Cree, Inc., a market leader in silicon carbide (SiC) power semiconductors, announced that it is shipping production quantities of a new 50-amp Zero Recovery® Schottky rectifier operating at 1200 volts. The new CPW2-1200S050 demonstrates Cree’s ability to develop innovative power-handling devices that can significantly improve levels of efficiency in power inverters. This advance means that applications such as solar and wind power converters, industrial motor drives, and electric vehicles using these Cree devices can increase their operating efficiency beyond current levels.

Compared with traditional silicon-based diodes, Cree’s SiC-based Zero Recovery rectifiers can:

  • Simplify Power Factor Correction Boost design by eliminating the need for snubbers and reducing component count.
  • Reduce power losses, leading to cooler operating temperatures.
  • Produce significantly less electromagnetic interference (EMI).
  • Better support new design objectives for efficiency set forth by the EPA, California Electric Commission and other agencies.

“Recent advancements Cree has made in material quality allow us to expand our product offerings into much higher power levels, opening whole new applications for our SiC power device technology,” said John Palmour, Cree executive vice president for advanced devices. “This new device is another example of Cree’s leadership in silicon carbide materials and high power devices.
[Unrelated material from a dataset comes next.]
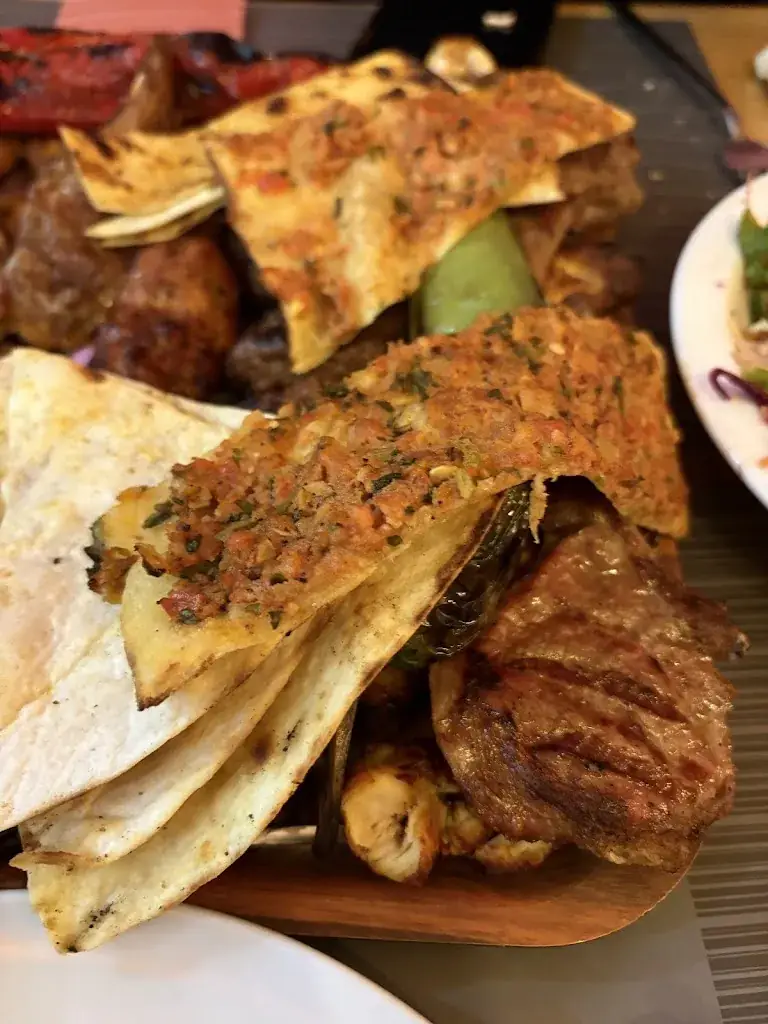 Menu_Diyar Grill_Mortsel_image_4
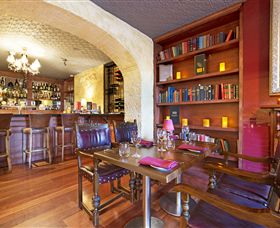 Customs House Restaurant And Wine Bar - eAccommodation 2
It can help designers address energy efficiency requirements driven by global energy concerns.”

The CPW2-1200S050 reaches new power levels because of significant SiC materials quality advancements achieved in the last year. It also features the industry’s largest-area SiC die, with a die size of 8.2 mm x 4 mm. Fundamental to these advancements are very low defect density substrates, including zero micropipe SiC substrates. This remarkable advance in technology was made possible by pioneering research performed by INTRINSIC Semiconductor, acquired by Cree in 2006, in combination with major research efforts funded by DARPA and the Army Research Laboratories.